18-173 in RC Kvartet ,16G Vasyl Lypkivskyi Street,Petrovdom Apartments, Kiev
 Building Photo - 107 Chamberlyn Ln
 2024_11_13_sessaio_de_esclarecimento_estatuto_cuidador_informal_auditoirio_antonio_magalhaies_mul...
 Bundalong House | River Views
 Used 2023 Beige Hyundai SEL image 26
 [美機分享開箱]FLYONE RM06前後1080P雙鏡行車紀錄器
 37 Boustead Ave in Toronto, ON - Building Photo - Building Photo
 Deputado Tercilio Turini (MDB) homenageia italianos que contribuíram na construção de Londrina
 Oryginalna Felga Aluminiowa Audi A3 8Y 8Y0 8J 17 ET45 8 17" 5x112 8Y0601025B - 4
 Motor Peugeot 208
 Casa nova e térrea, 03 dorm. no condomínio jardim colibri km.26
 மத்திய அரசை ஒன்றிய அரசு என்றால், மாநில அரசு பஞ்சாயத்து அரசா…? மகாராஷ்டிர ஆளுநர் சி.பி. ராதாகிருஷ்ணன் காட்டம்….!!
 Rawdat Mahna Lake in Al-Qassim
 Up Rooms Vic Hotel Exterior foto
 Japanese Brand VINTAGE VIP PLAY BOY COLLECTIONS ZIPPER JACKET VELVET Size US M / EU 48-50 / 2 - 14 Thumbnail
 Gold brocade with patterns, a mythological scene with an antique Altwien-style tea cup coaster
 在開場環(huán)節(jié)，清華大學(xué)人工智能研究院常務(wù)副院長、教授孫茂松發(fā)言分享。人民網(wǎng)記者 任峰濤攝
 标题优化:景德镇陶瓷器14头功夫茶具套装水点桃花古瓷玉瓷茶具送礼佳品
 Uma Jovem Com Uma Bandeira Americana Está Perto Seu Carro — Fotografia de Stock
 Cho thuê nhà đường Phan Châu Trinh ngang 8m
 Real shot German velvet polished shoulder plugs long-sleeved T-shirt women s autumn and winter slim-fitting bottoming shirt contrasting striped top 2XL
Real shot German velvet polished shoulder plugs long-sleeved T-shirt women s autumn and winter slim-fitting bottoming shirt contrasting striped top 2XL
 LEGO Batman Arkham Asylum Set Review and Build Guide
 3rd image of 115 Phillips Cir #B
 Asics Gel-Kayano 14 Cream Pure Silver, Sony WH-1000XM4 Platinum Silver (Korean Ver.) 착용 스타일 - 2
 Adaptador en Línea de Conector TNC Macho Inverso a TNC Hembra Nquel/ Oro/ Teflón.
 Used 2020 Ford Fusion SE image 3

=======

* Your assignment *
List each line in the listing that contains the string "plugs".

* Task solution *
 Real shot German velvet polished shoulder plugs long-sleeved T-shirt women s autumn and winter slim-fitting bottoming shirt contrasting striped top 2XL
Real shot German velvet polished shoulder plugs long-sleeved T-shirt women s autumn and winter slim-fitting bottoming shirt contrasting striped top 2XL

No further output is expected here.